Keep the wording of every entry intact in your copy, and omit the pictures.

**RECORDED DATA:**

************

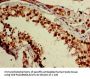 ZNF331 Antibody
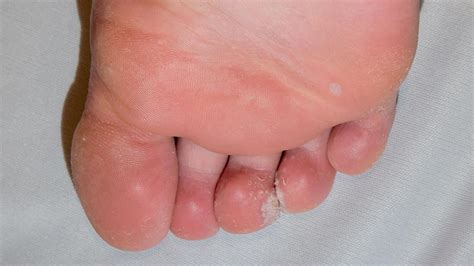 mosaic warts symptoms  treatments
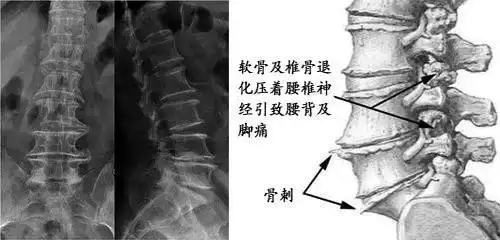 骨质增生原因有哪些_成都骨科医院-成都颈腰椎病医院-成都中山高新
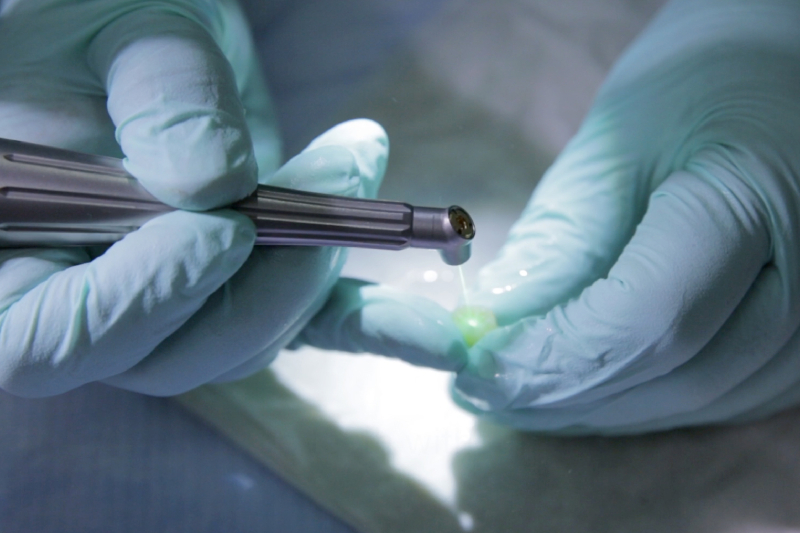 Gloved hand using laser beam on teeth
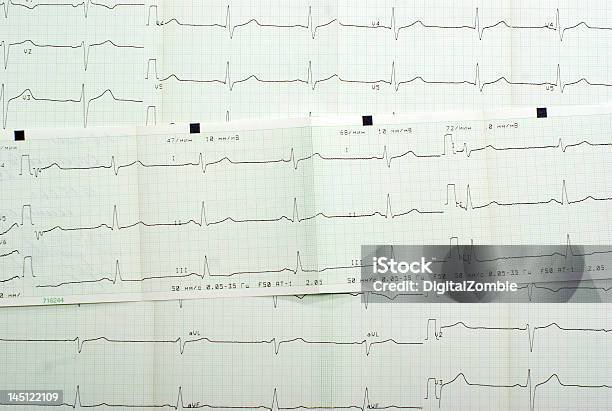 Cardiogram Sfondo - Fotografie stock e altre immagini di Analizzare - Analizzare, Attrezzatura, Close-up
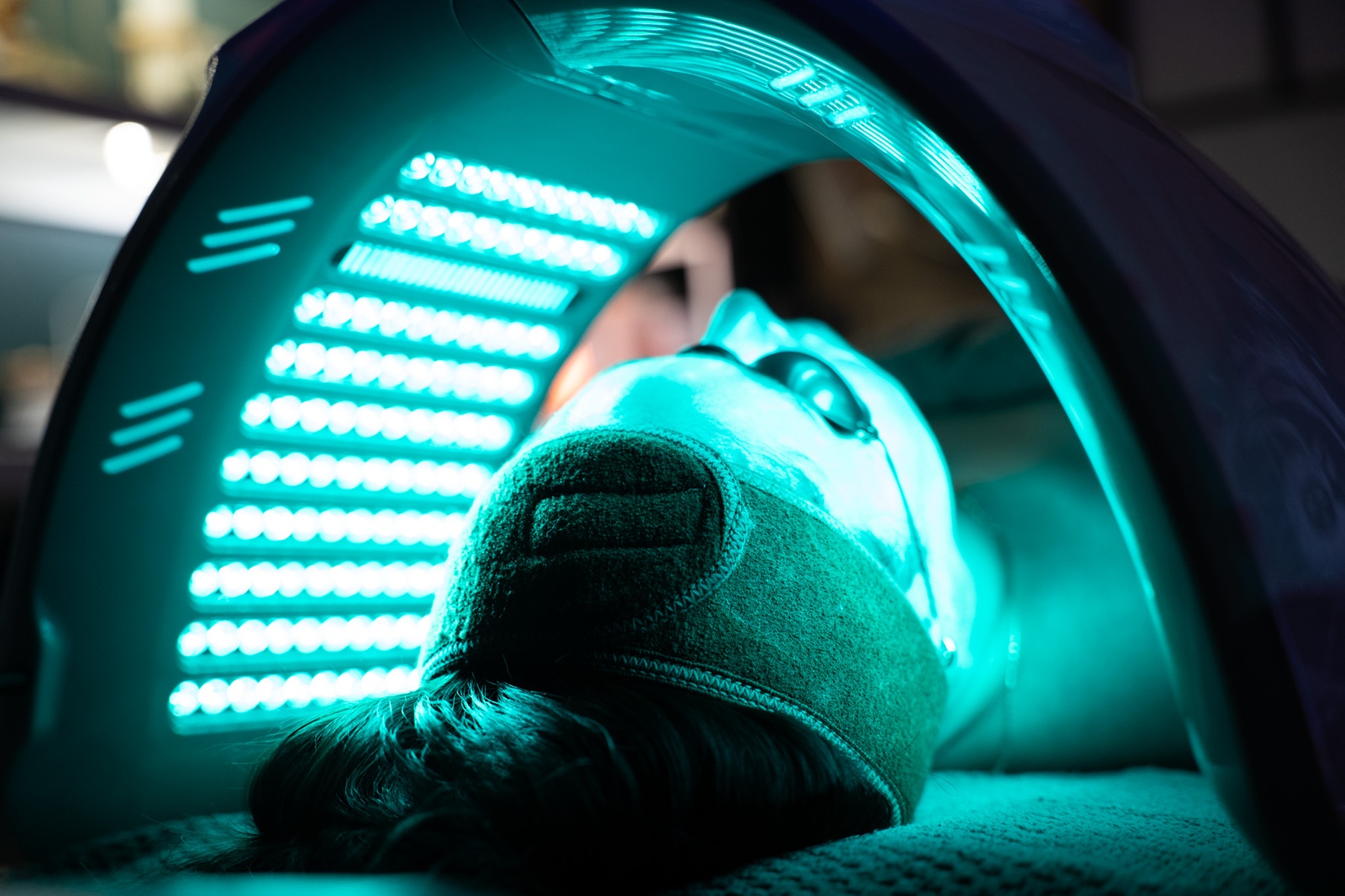 Up to 64% Off on Microdermabrasion at Bonafide Dreams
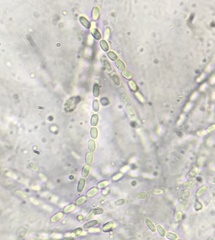 Phomatospora coprophila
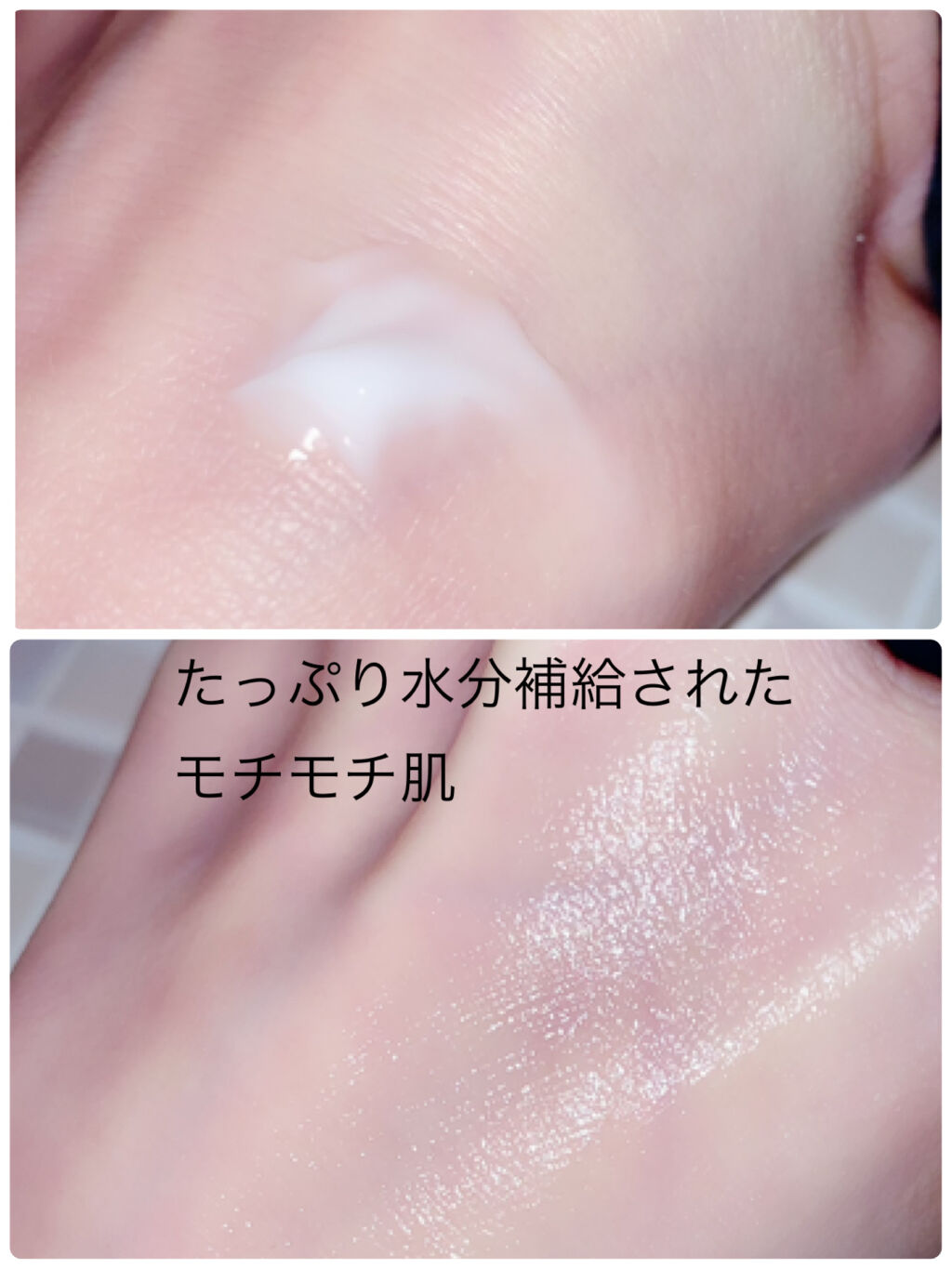 モイスチュア インストール/カルテHD/オールインワン化粧品を使ったクチコミ（2枚目）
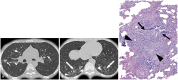 Fig. 16
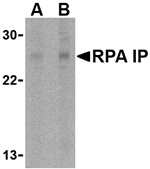 Anti-RPA Interacting Protein Antibody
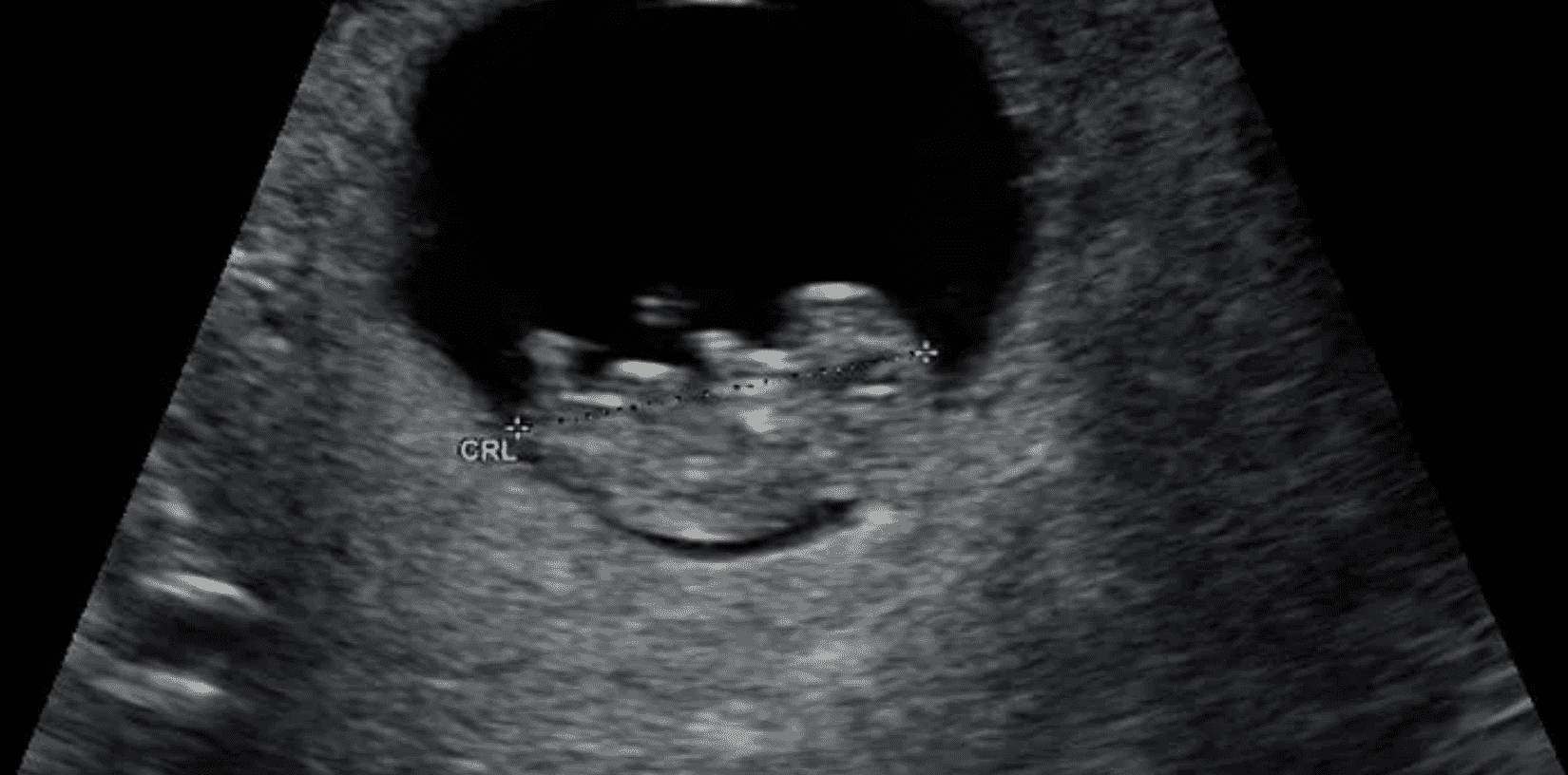 An early pregnancy scan, a very small outline of a baby can be seen in black and white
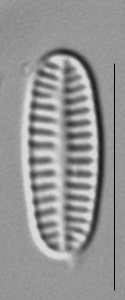 Rossithidium nodosum LM3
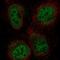 Zinc Finger And BTB Domain Containing 47 antibody, NBP2-56064, Novus Biologicals, Immunocytochemistry image 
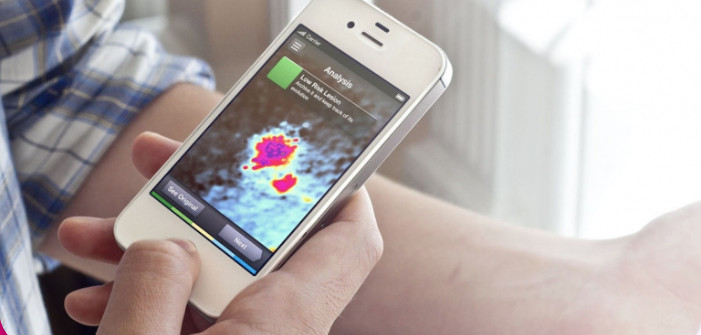 DERMATOSCOPE WITH AI BUILT IN 3 SKINVISION DERMATOSCOPE WITH AI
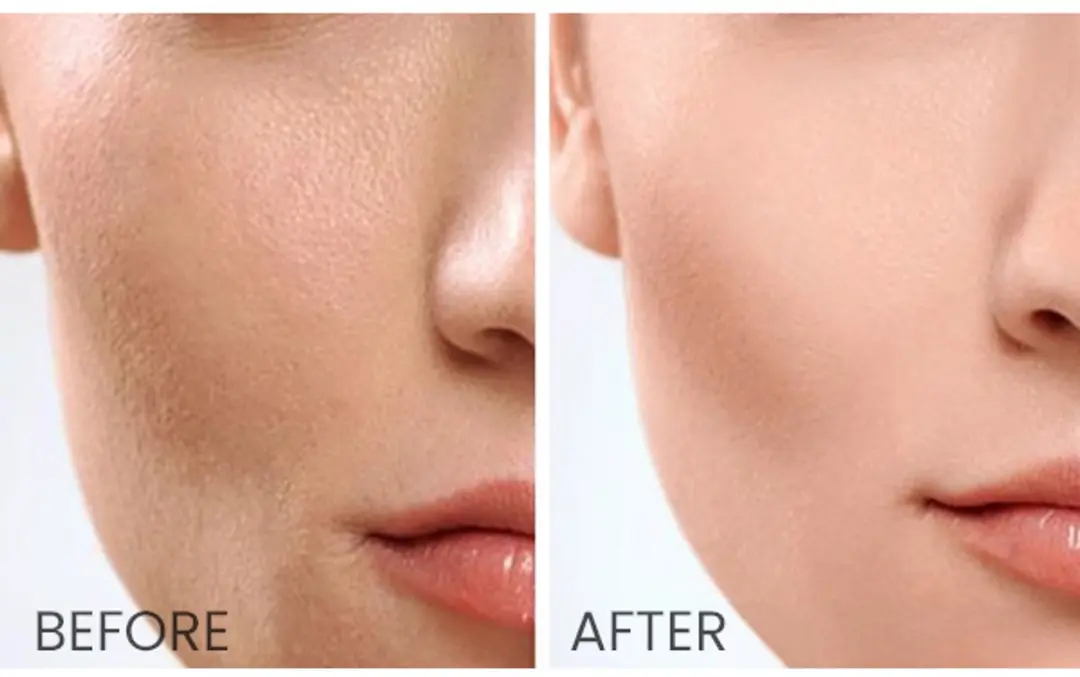 Skin1004 Madagascar Centella Toning Toner 210ml - afbeelding 6 van 6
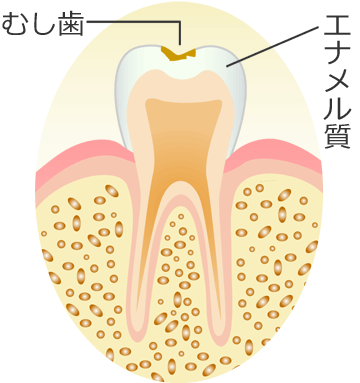 Ｃ１ ： エナメル質のむし歯
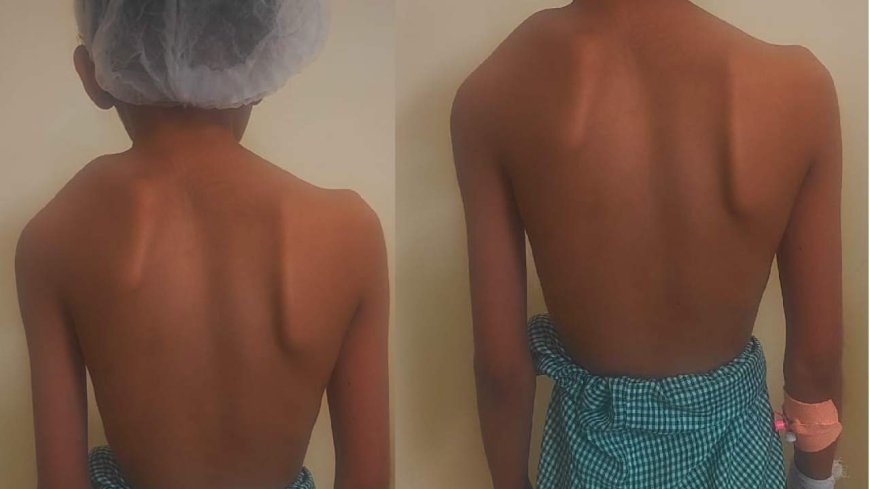 टांडा मेडिकल कॉलेज में पहली बार दुर्लभ कंधा सर्जरी सफल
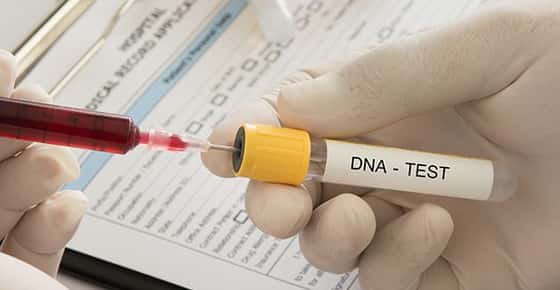 Image of a DNA sample. 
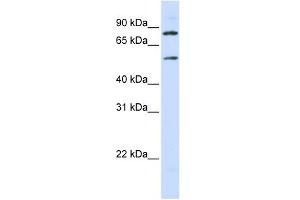 WB Suggested Anti-SLC27A4 Antibody Titration:  0.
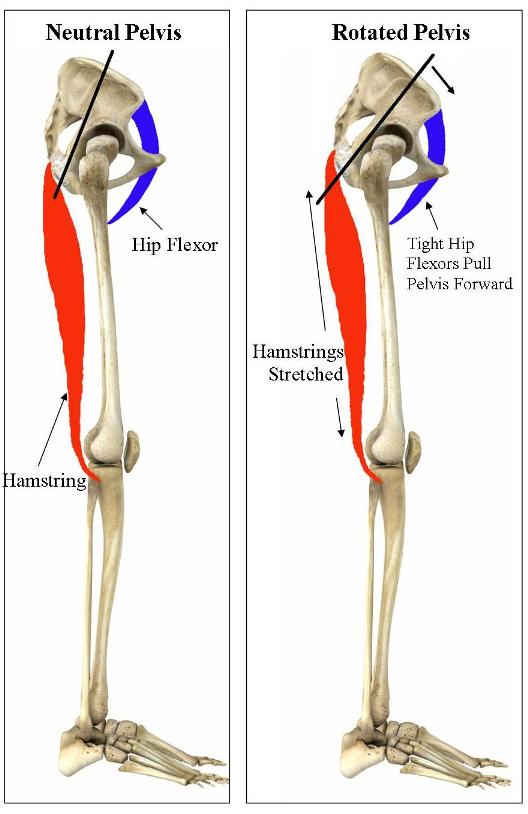 Hamstring Pain with Running, Hiking and XC Skiing - Pain ...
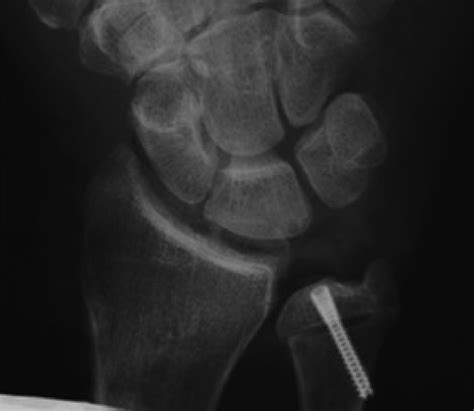 Ulnar Sided Wrist Pain In The Athlete Clinics In Sports Medicine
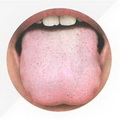 Pale tongue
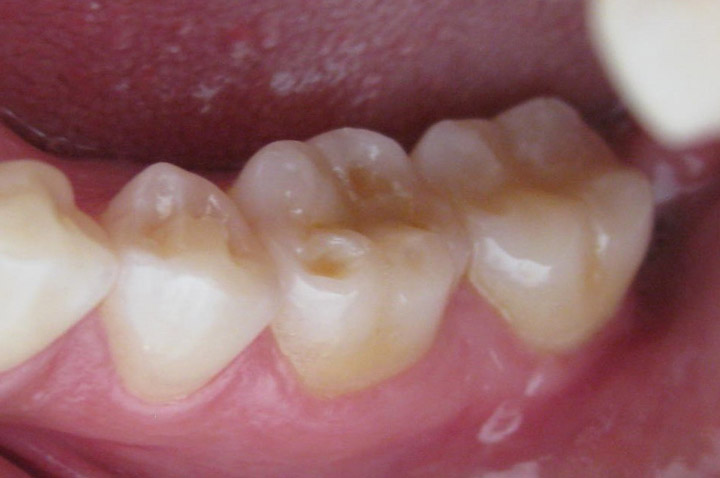 Desgaste dental-erosión, atrición, abrasión, y desgaste dental erosivo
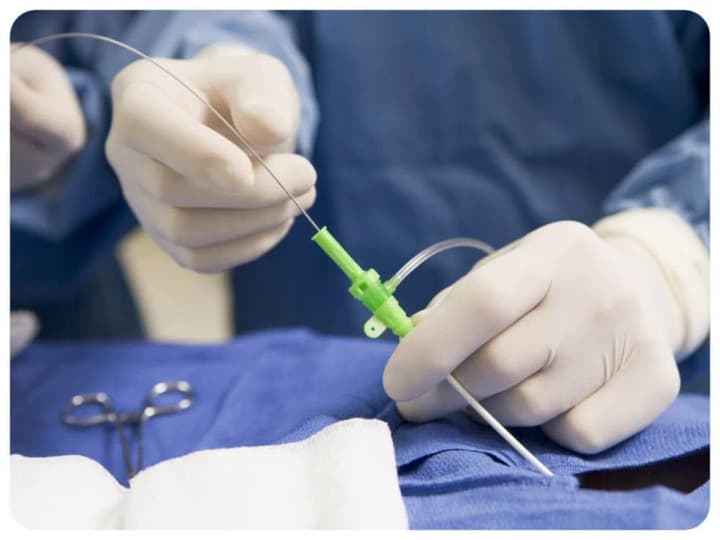 endovaskuliarna-khirurhiia-u-tsentri-shalimova-poiasnyly-perevahy-miniinvazyvnykh-operatsii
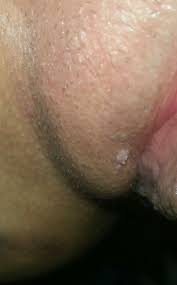 Unlike genital herpes, ingrown hairs typically develop as isolated lesions or bumps. Strange Line Of Bumps On Vagina Genital Warts Ingrown Hairs Scared And Confused Help Std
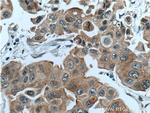 PPP1R13L Antibody in Immunohistochemistry (Paraffin) (IHC (P))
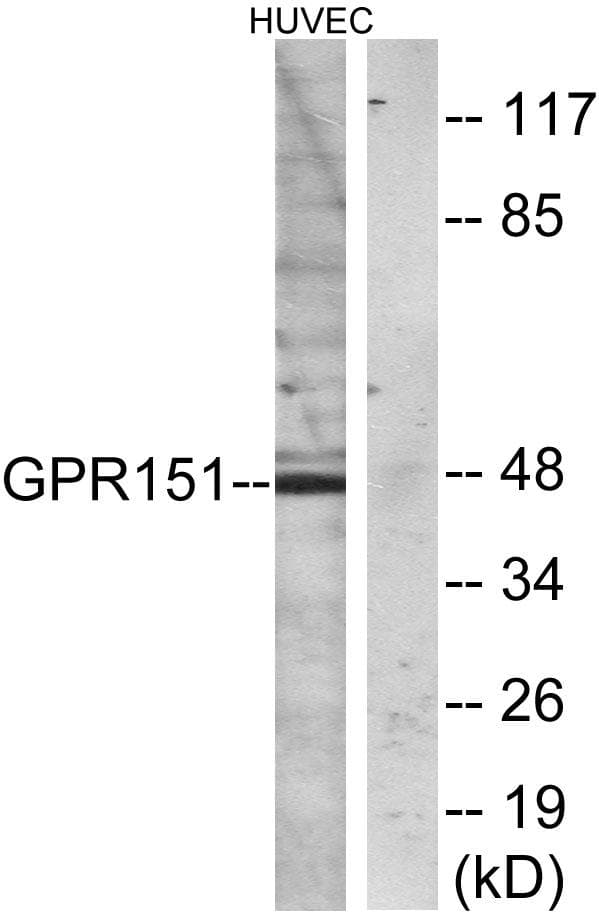 GPR151 Antibody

************

**OUTPUT FOR THIS EXERCISE:**
 ZNF331 Antibody
 mosaic warts symptoms  treatments
 骨质增生原因有哪些_成都骨科医院-成都颈腰椎病医院-成都中山高新
 Gloved hand using laser beam on teeth
 Cardiogram Sfondo - Fotografie stock e altre immagini di Analizzare - Analizzare, Attrezzatura, Close-up
 Up to 64% Off on Microdermabrasion at Bonafide Dreams
 Phomatospora coprophila
 モイスチュア インストール/カルテHD/オールインワン化粧品を使ったクチコミ（2枚目）
 Fig. 16
 Anti-RPA Interacting Protein Antibody
 An early pregnancy scan, a very small outline of a baby can be seen in black and white
 Rossithidium nodosum LM3
 Zinc Finger And BTB Domain Containing 47 antibody, NBP2-56064, Novus Biologicals, Immunocytochemistry image 
 DERMATOSCOPE WITH AI BUILT IN 3 SKINVISION DERMATOSCOPE WITH AI
 Skin1004 Madagascar Centella Toning Toner 210ml - afbeelding 6 van 6
 Ｃ１ ： エナメル質のむし歯
 टांडा मेडिकल कॉलेज में पहली बार दुर्लभ कंधा सर्जरी सफल
 Image of a DNA sample. 
 WB Suggested Anti-SLC27A4 Antibody Titration:  0.
 Hamstring Pain with Running, Hiking and XC Skiing - Pain ...
 Ulnar Sided Wrist Pain In The Athlete Clinics In Sports Medicine
 Pale tongue
 Desgaste dental-erosión, atrición, abrasión, y desgaste dental erosivo
 endovaskuliarna-khirurhiia-u-tsentri-shalimova-poiasnyly-perevahy-miniinvazyvnykh-operatsii
 Unlike genital herpes, ingrown hairs typically develop as isolated lesions or bumps. Strange Line Of Bumps On Vagina Genital Warts Ingrown Hairs Scared And Confused Help Std
 PPP1R13L Antibody in Immunohistochemistry (Paraffin) (IHC (P))
 GPR151 Antibody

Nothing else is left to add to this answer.